Maeve froze. Keeping her eyes studiously on the twinkling lights above her, she cleared her throat. “How so?”

“I don’t know.” Lucía’s probing stare was a physical thing. “More relaxed, I guess?”

“Hm.” She pressed her lips together, trying hard not to squirm.

“You’re less tense,” Lucía went on. “I mean, not that you were super uptight or anything, don’t get me wrong, but you know I’m a shifter, and I just can’t help noticing people’s body language and scents

Maeve furtively clenched her thighs together. She’d showered and changed, but still

“—and there was just this tension in you, like in a shifter who hasn’t turned into their animal for a while—we get, like, super intense when we don’t go for a run in our fur regularly—but now it’s like you’ve shaken that off somehow

More like rubbed it off. Heat flushed her face.

“—and I just thought I’d tell you, because I’m happy you’re feeling better. So, you know, whatever you’ve been doing, it’s looking good on you, girl.” She rolled onto her side facing Maeve, propped her head on her hand. “What have you been doing?”

“Nothing.” Why was her voice so dang squeaky?

“Uh-huh.” She plucked another grape from the bunch she’d brought, threw it into her mouth. “You do know shifters can smell lies?”

She cleared her throat. Again. Subtle, much? “Okay, so I may have…exercised a little.”

Lucía’s pale green eyes—glowing like her puma’s in the dark of the night—narrowed as she studied her. Her nostrils flared as she sniffed—and then her features slackened.

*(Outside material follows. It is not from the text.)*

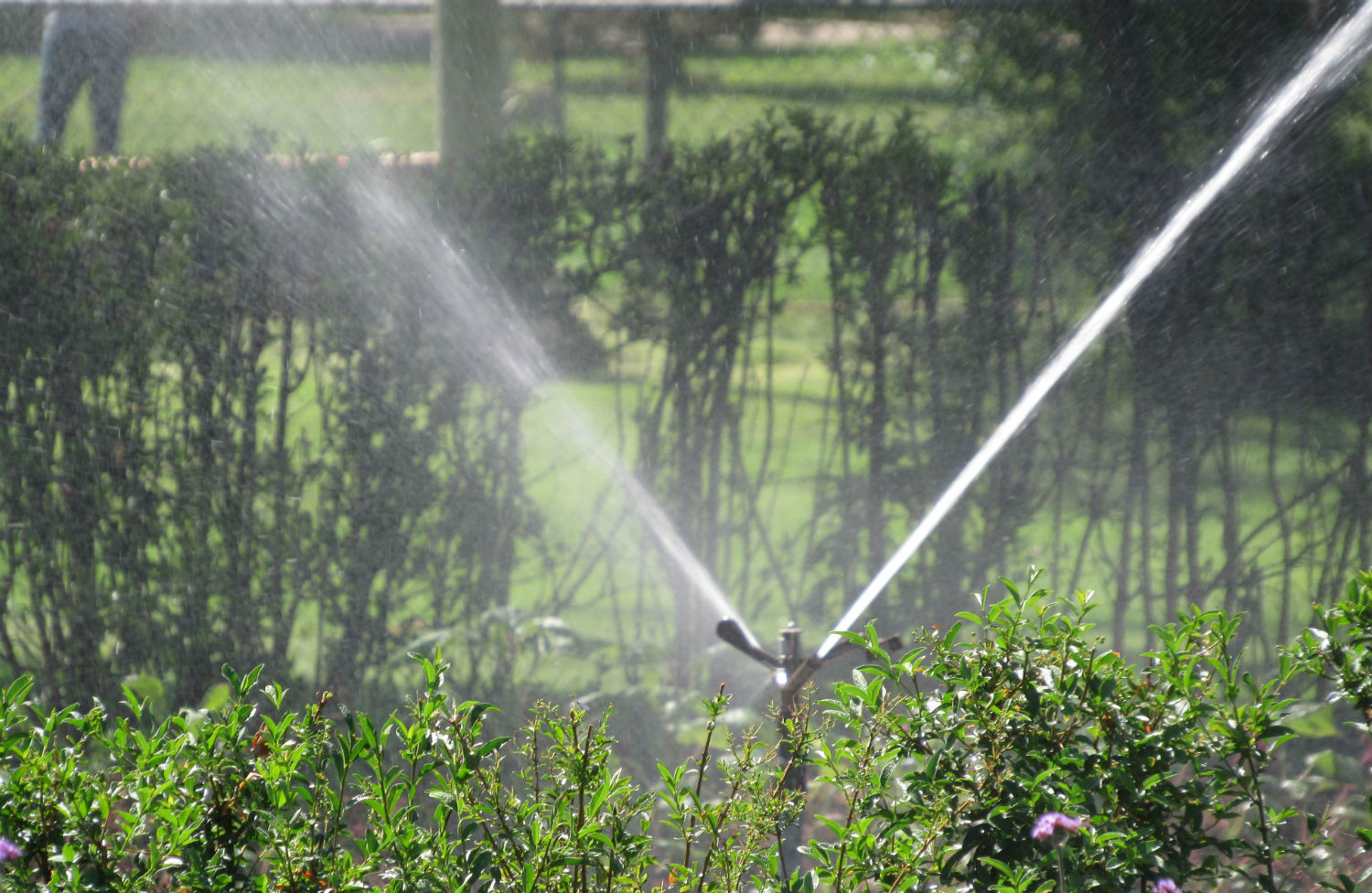 A sprinkler waters the gardens at Washington Park, one of the neighborhoods whose lead service lines pose a risk to residents. July 12, 2019. Credit: Jerd Smith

Eyes wide, she gaped at Maeve.

“Nooooooo,” Lucía drawled in that tone of utmost disbelief paired with surprise, laced with a touch of excitement. “You. Did. Not.”

Maeve scratched her nose. “You’re right. I didn’t.”

“You so did.” Lucía sat up, a grin on her face. “With who?”

“I don’t know what you’re talking about.”

“Sure, yeah.” She tapped her nose. “Lies. Scent. Remember?” Tilting her head, she frowned. “Speaking of which, I’m not smelling anyone on you…” Her frown deepened, her voice trailing away. “…except…” A gasp, her mouth forming a huge O, her eyes rounded once more. “Noooooooo.”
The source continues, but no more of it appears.